--- Task details ---
Output the data word for word. Begin at its first line and end at the line with "Western blot analysis".

Data excerpts:

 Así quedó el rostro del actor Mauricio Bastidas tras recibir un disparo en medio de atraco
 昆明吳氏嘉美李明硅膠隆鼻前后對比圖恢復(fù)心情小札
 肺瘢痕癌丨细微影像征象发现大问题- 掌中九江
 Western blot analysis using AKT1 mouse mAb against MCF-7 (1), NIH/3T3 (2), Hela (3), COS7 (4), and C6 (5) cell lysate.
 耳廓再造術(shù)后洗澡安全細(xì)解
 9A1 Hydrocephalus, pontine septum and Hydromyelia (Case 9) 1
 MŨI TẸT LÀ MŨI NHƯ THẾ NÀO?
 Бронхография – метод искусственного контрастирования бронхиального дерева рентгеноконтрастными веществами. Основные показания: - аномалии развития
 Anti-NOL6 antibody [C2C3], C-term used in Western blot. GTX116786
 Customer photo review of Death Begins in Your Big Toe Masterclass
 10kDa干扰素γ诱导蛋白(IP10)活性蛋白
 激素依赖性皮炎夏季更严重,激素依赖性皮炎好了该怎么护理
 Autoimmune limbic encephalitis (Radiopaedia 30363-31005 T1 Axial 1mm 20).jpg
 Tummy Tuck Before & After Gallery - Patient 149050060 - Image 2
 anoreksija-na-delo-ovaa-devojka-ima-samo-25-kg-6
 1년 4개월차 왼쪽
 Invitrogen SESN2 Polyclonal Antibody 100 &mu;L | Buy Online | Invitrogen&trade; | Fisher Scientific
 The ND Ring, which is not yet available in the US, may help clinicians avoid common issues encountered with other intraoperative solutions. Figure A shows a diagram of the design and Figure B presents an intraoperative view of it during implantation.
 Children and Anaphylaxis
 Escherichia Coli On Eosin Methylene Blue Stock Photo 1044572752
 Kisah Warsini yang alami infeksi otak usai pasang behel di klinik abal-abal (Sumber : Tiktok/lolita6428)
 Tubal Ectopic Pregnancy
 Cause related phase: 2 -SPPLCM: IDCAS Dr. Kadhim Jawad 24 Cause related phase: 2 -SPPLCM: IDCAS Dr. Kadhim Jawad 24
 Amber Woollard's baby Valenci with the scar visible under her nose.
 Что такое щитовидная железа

--- Your response ---
 Así quedó el rostro del actor Mauricio Bastidas tras recibir un disparo en medio de atraco
 昆明吳氏嘉美李明硅膠隆鼻前后對比圖恢復(fù)心情小札
 肺瘢痕癌丨细微影像征象发现大问题- 掌中九江
 Western blot analysis using AKT1 mouse mAb against MCF-7 (1), NIH/3T3 (2), Hela (3), COS7 (4), and C6 (5) cell lysate.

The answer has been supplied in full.